Data extracted from a collection

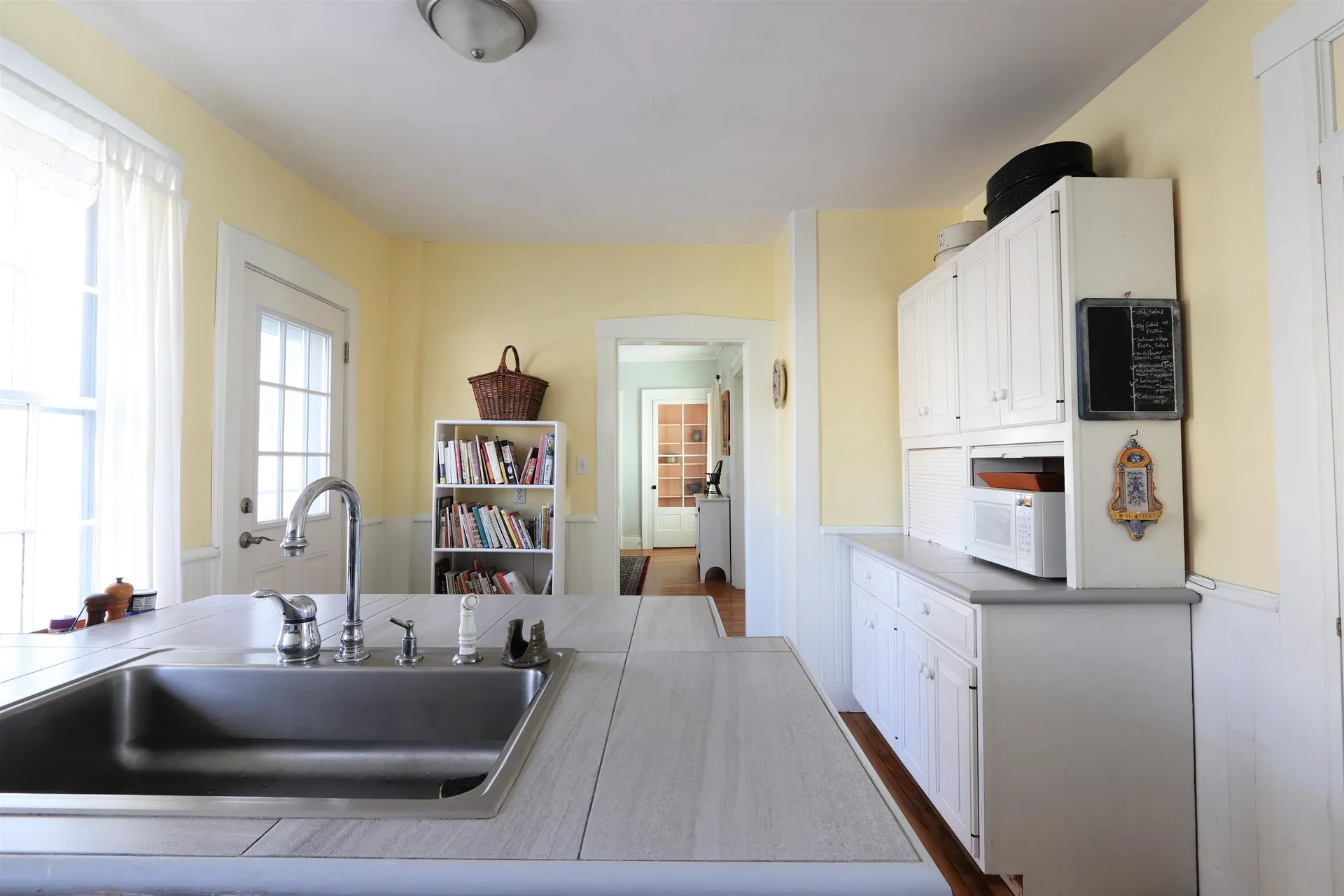 311 Summer Street St. Johnsbury VT 05819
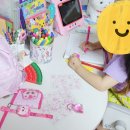 위례어린이치과의원 이미지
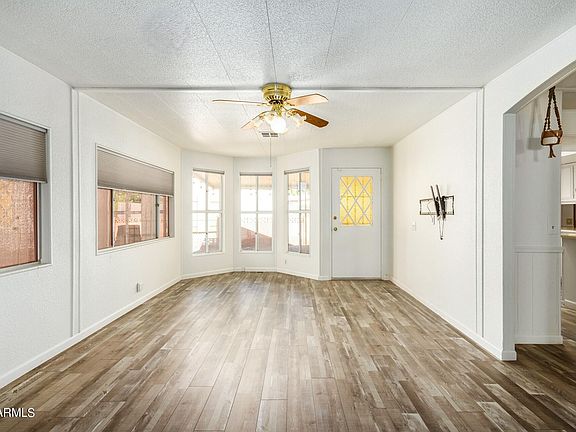 5th image of 7215 E AVESTA Circle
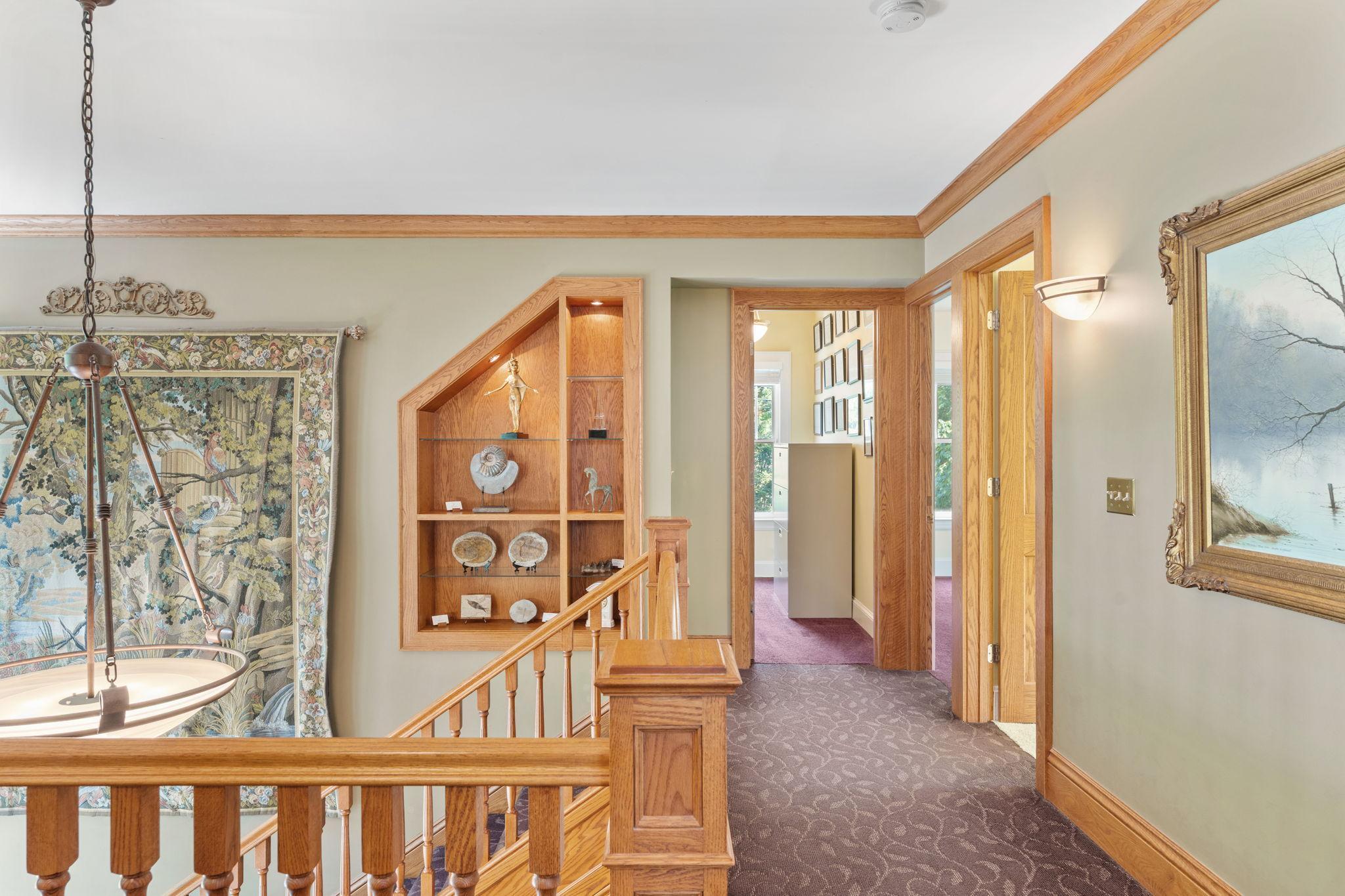 607 Ivy Falls Avenue Property Photo 40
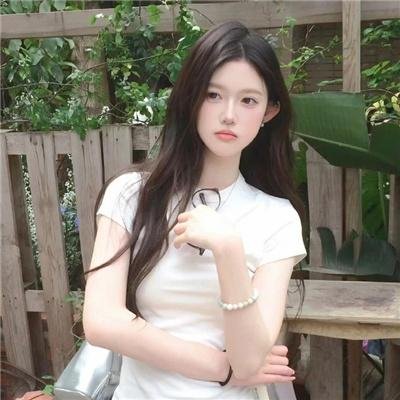 男人唔可以穷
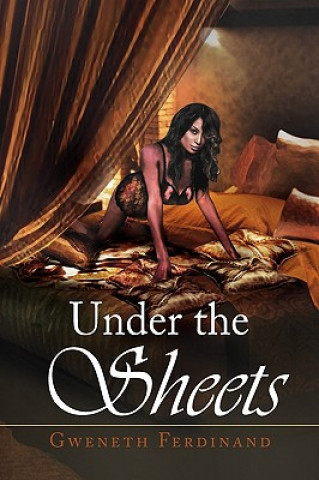 Under the Sheets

TASK ITEM:
Each entry above is to be given again exactly, and any image in it is to be dropped.

COMPLETED EXERCISE:
 311 Summer Street St. Johnsbury VT 05819
 위례어린이치과의원 이미지
 5th image of 7215 E AVESTA Circle
 607 Ivy Falls Avenue Property Photo 40
 男人唔可以穷
 Under the Sheets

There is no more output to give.